Всего через три дня после распространения слухов о массовом убийстве в Екатеринбурге, с той же издевательской иронией, которой достойна их последующая канонизация Русской православной церковью, Романовы восстали из мертвых, воскрешенные заявлениями советских официальных лиц, рассчитанных на то, чтобы ввести в заблуждение общественное мнение. Большевики признались в совершении казни только Николая II, утверждая, что императрица и Алексей были высланы из Екатеринбурга, а о великих княжнах не упоминалось вовсе. Советское правительство стояло на этой позиции вплоть до 1920-х годов, целью такой политики было не только спутать планы Белой армии, но и защитить репутацию советской власти. Ленин слишком хорошо представлял себе, какой будет реакция мирового общественного мнения на кровавое убийство императрицы и ее ни в чем неповинных детей.

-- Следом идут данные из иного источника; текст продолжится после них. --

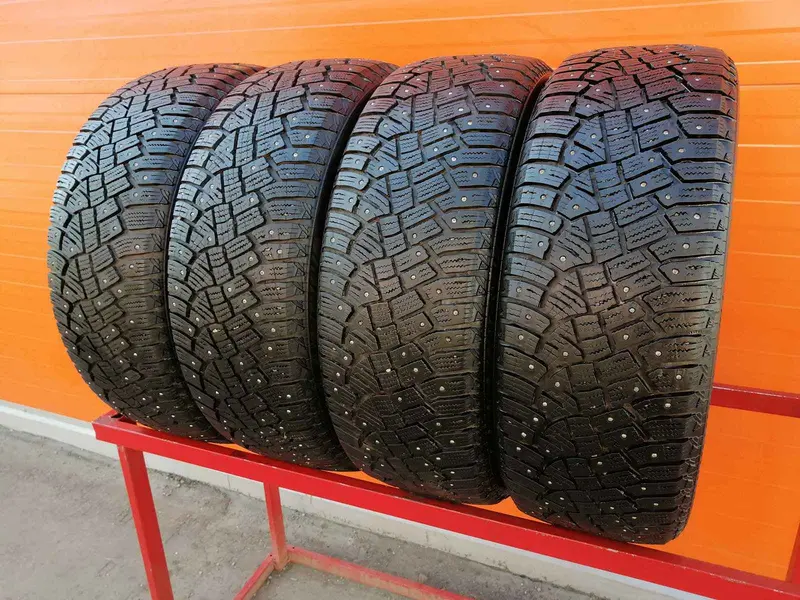 Комплект б/у шин 215/55 R18 Continental IceContact 2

Екатеринбург пал под натиском частей наступающей Белой армии и Чехословацкого корпуса 25 июля, спустя всего восемь дней после предполагаемой казни. Бросившись к дому Ипатьева, пришедшие обнаружили, что все его бывшие обитатели исчезли, на полу разбросаны жалкие остатки одежды и каких-то еще вещей, а стены комнаты в подвале изъязвлены пулями и забрызганы кровью. Единственный намек на то, что здесь могло произойти, содержался в извещении большевиков о том, что был убит Николай II. Используя в качестве исходного это предположение, следователи военной и гражданской прокуратуры приступили к поиску пропавшего царского семейства. В январе 1919 года, для того чтобы точно установить, какая судьба постигла семью Романовых, был назначен следователь Николай Соколов – третий и последний из числа следователей, официально назначенных командованием Белой армии. Соколов, основываясь на данных, собранных его предшественниками, создал построенную на косвенных доказательствах версию, согласно которой погибли все. Результатом его работы стали выводы, которые в течение большей части двадцатого столетия история считала достоверным описанием гибели семьи Романовых. Однако это было не более чем теоретическое построение, изобилующее изъянами и полное домыслов, зачастую противоречащих науке и фактам, данное обстоятельство вынудило многих усомниться в заключении, сделанном Соколовым, и дало пищу мифам о возможных вариантах спасения семейства.